Instead of that a branch of a tree caught her, and that saved her life. The captain of the revenue cutter, who took her ’usbun’s place, saw her jump ; he ordered the men to lower the boat, and take ’er hoff. She was so grateful to the captain that they were married, and ’ad a large fam’ly, and lived ’appy ever hafter. And that ’appened in 1786, and that’s the true history of Lover’s Seat.” When the girl came to the lines of poetry and the wiggle-waggling shrimps, her voice quivered with emotion, and she felt after a handkerchief, which, no doubt for good reasons, was not forthcoming, and altogether was dramatic enough to obtain a considerable lot of pennies. The story has been evolved to get pennies. As a matter of fact, Mrs. Lamb, after her elopement, died before her husband, at the birth of her first child, a daughter, who married a clergyman named Ferris. How many myths of greater dignity began their development in minstrelsy inspired by penny-wisdom !

Descending to the beach we came to a good point for observation, and all sat down on the shingle. Dr. Busk and his daughters, who were staying at Hastings, Professor Tydemann, of the Geological Coast Survey, and some others had joined us, and we were now about fifty in all. Here, with a vast sweep of the curved cliffs in full view, we were to hear from Mr. Topley the full story of the Weald. Several persons, who had seen us in the distance, probably imagined us a company of the Salvation Army, and approached us ; but when they saw the outstretched maps, and heard some sentences of the sermon Topley was finding in stones, they retreated in a double-quick that did credit to Salvationist drilling. From his rock this clear-headed man, whose eye “ of large discourse ” seemed to have been evolved for geoscopic work, and whose mind had become a spiritual organ of the wonderful Weald, spoke to us for nearly an hour. No poem written in our time could surpass the sublimity of the history told in his simple speech.

The characteristic Wealden beds are, briefly, as follows : (1.) The Wadhurst clay, consisting of clay and shale about one hundred and twenty feet in thickness ; near the bottom, sand and sandstone, and then calcareous sandstone, with nodules of clay ironstone, and a band containing the tiny shell cyrena.
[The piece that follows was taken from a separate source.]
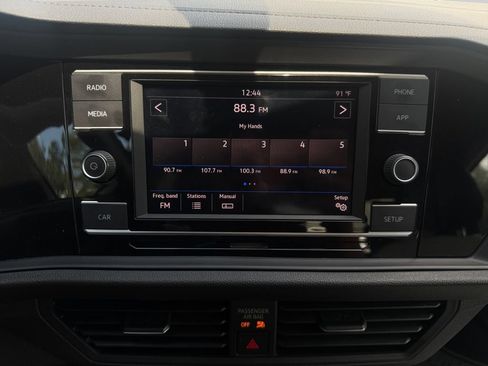 Used 2019 Volkswagen Jetta FWD image 14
In the sixteenth and seventeenth centuries this was the chief seat of the iron trade, but the last furnace was given up in 1828. (2.) The Ashdown sand, from three hundred and fifty to four hundred feet in thickness. This rocksand makes an important feature of the Hastings cliff; and about thirty feet from the top of it there is a bed of shale, twenty-five feet thick, named after the delicate little vegetable fossil found in it, endogenites erosa. (3.) The Fairlight clay, consisting of mottled clays, sands, and sandstones, over three hundred and fifty feet in thickness. (4.) The Purbeck beds, composed chiefly of shales with two series of limestone beds together four hundred feet in thickness. (Early in this century these Purbeck beds were extensively worked for lime ; but they have been abandoned because it is more economical to carry chalk-lime by railway.) Although, as has been said, the Sub-Wealden Boring failed of its main object (reaching the Palæozoic rocks), it revealed the fact that these Purbeck beds were not, as had been supposed, representatives of the true Wealden beds, but contained fossils not found in the others, namely, marine and brackish-water shells.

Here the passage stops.